YOUR INSTRUCTIONS:
Using the data that follows, output only the lines from the line with "Diverse Trio Collaborating" up to and including the line with "A hotel room", exactly, leaving pictures aside.

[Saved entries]

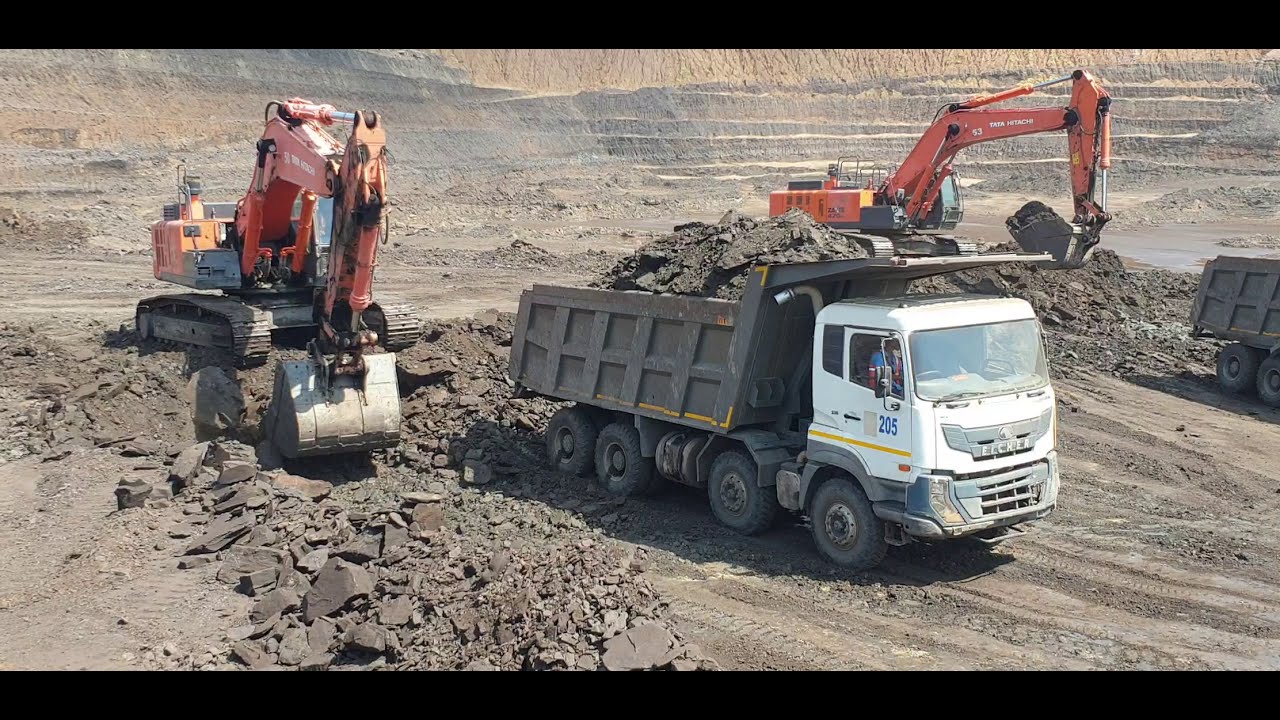 Two Hitachi Zaxis 470H Excavators Loading Coal On Eicher Trucks.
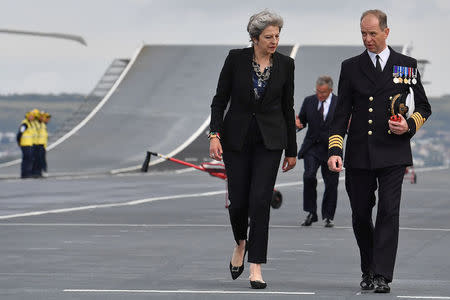 Britain's Prime Minister Theresa May talks with Commodore Jerry Kyd, Captain of the British aircraft carrier HMS Queen Elizabeth, during her tour of the ship, after it arrived at Portsmouth Naval base, its new home port, in Portsmouth, Britain August 16, 2017. REUTERS/Ben Stansall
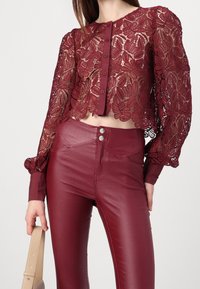 Burgundy spetscroppad topp med blommönster och långa ärmar, tillsammans med figurnära burgundy högmidjade byxor i konstläder.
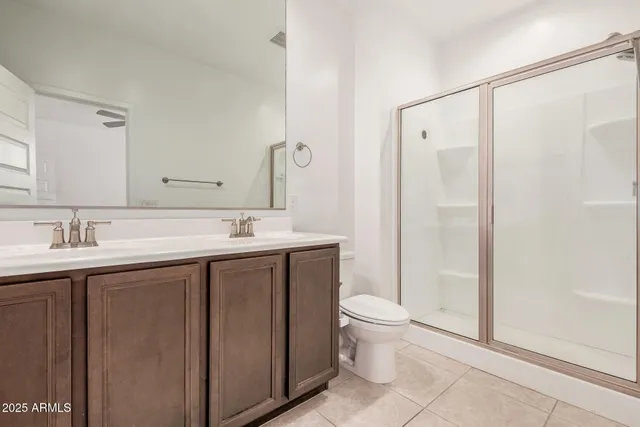 a spacious bathroom with a granite countertop sink a toilet and shower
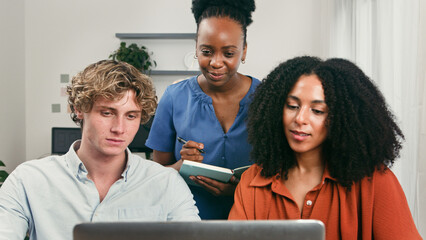 Diverse Trio Collaborating on Laptop in a Modern Startup Office Setting for Teamwork and Innovation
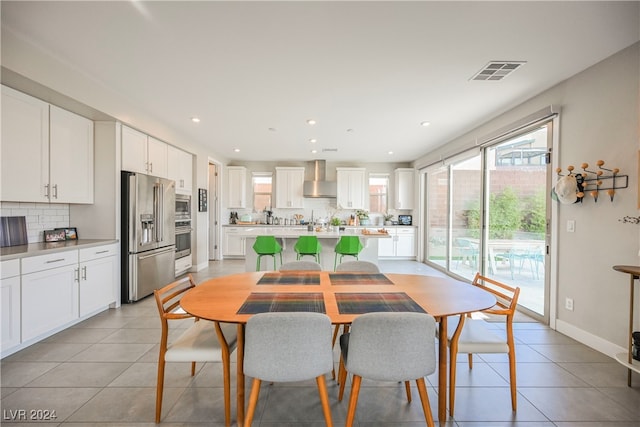 dining area with light tile patterned floors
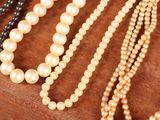 a lot of pearls that are on a wooden table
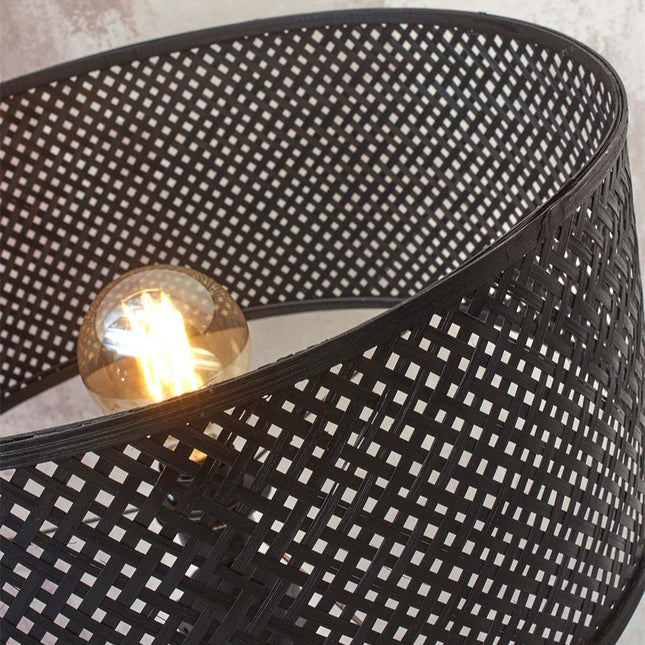 Gros plan sur le tressage de l'abat-jour en bambou noir du lampadaire Java, avec l'ampoule E27 visible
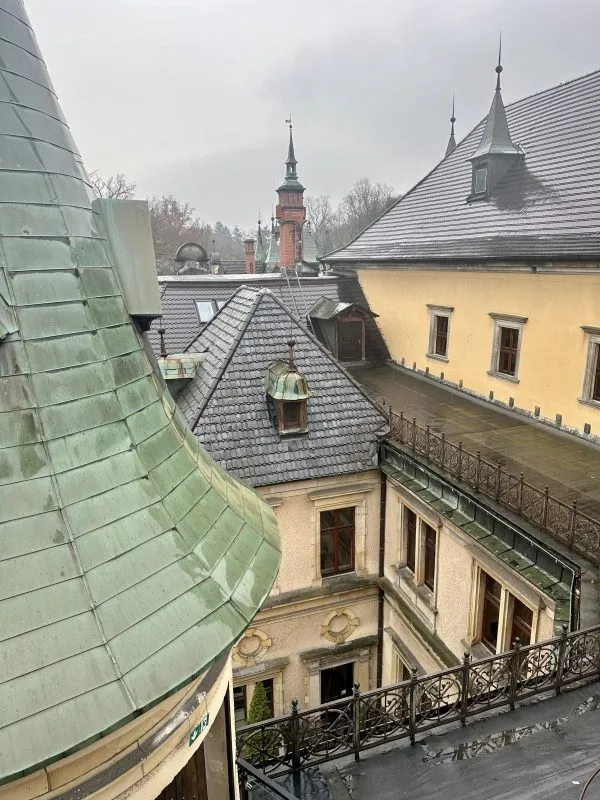 Výhled z Jennyiny věže na zámku Kliczków zahrnuje zelené střechy, kamennou terasu a věže rezidence, v dálce se tyčí věž kostela.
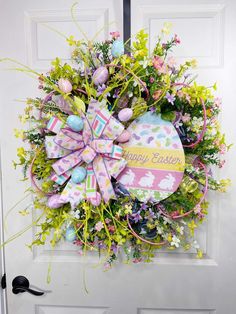 an easter wreath is hanging on the front door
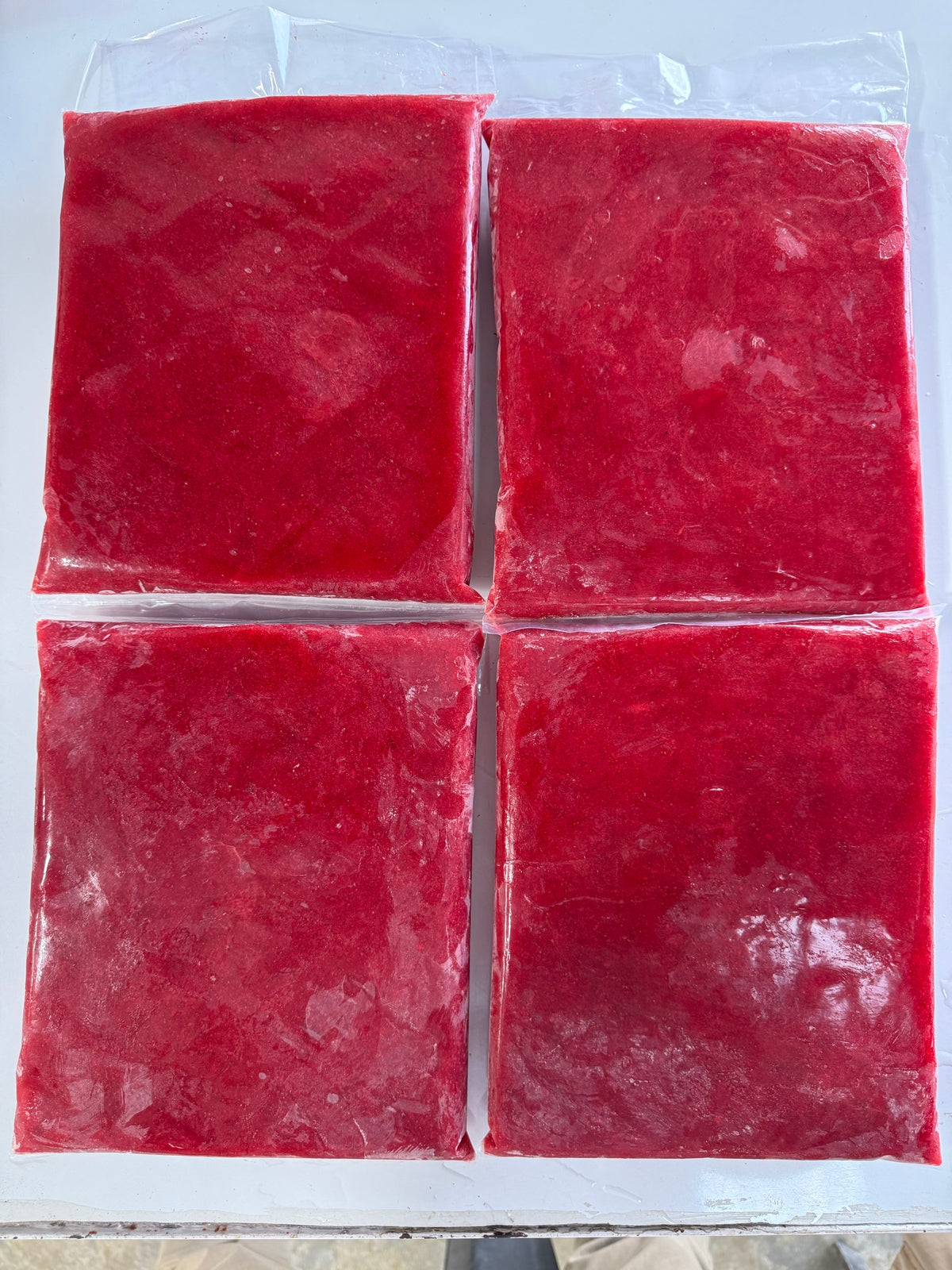 Blocks of True Berry frozen strawberry pulp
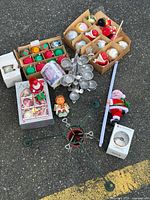 Overview of entire mixed Christmas lot laid out on ground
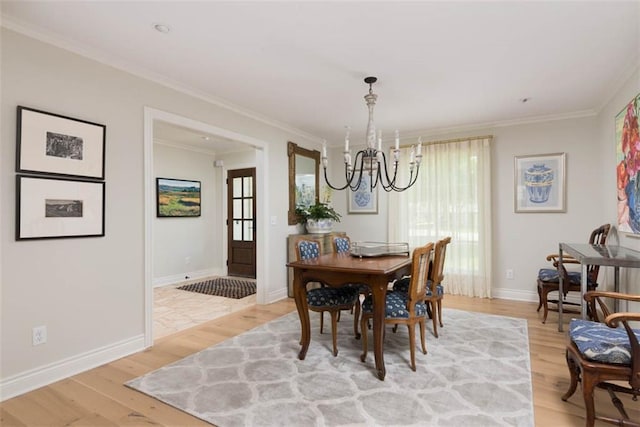 8311 Wenonga Rd, Leawood, KS 66206 - dining area with a chandelier, light wood finished floors, and ornamental molding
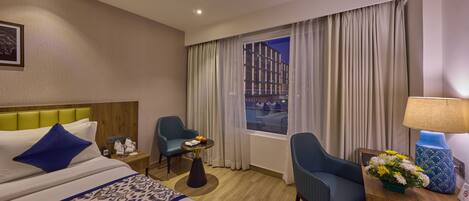 A hotel room with a bed, two chairs, a desk with a lamp, a small table with fruits, and a window with curtains.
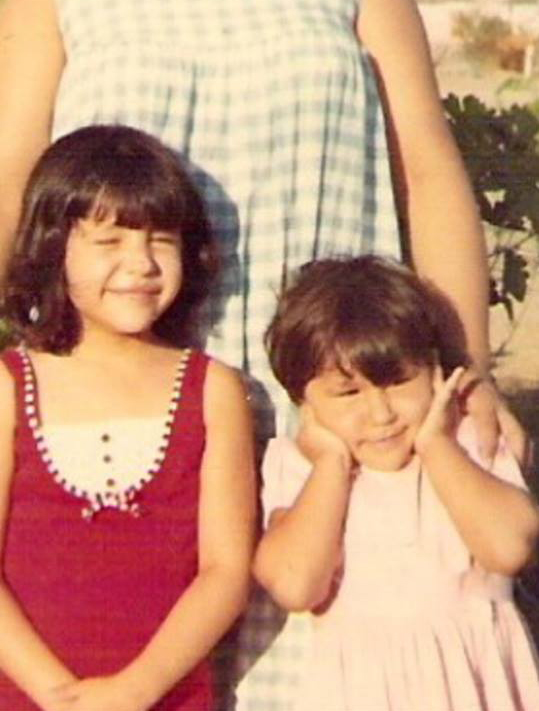 Two little girls smiling.
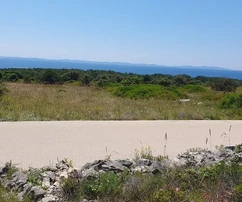 Agricultural land 7168 m², asphalt access. Sea view.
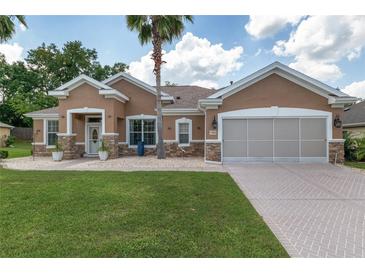 Charming single-story home with a well-manicured lawn, stone accents, a two-car garage, and a paver driveway at 12804 Se 90Th Court Rd, Summerfield, FL 34491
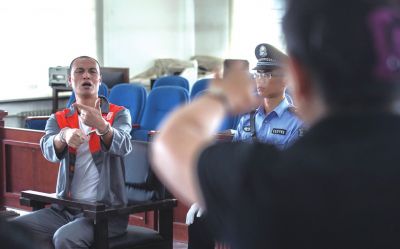 張志國(guó)在法庭上用手語(yǔ)回答提問。記者 蒲東峰攝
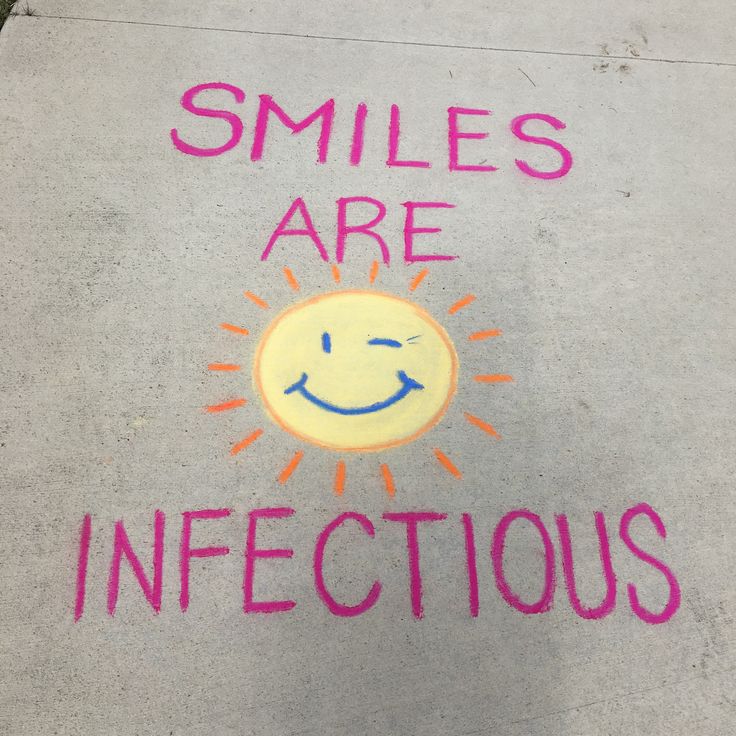 a sidewalk with chalk writing on it that says, smiles are infectious and an image of a smiling sun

ANSWER FOR THIS EXERCISE:
 Diverse Trio Collaborating on Laptop in a Modern Startup Office Setting for Teamwork and Innovation
 dining area with light tile patterned floors
 a lot of pearls that are on a wooden table
 Gros plan sur le tressage de l'abat-jour en bambou noir du lampadaire Java, avec l'ampoule E27 visible
 Výhled z Jennyiny věže na zámku Kliczków zahrnuje zelené střechy, kamennou terasu a věže rezidence, v dálce se tyčí věž kostela.
 an easter wreath is hanging on the front door
 Blocks of True Berry frozen strawberry pulp
 Overview of entire mixed Christmas lot laid out on ground
 8311 Wenonga Rd, Leawood, KS 66206 - dining area with a chandelier, light wood finished floors, and ornamental molding
 A hotel room with a bed, two chairs, a desk with a lamp, a small table with fruits, and a window with curtains.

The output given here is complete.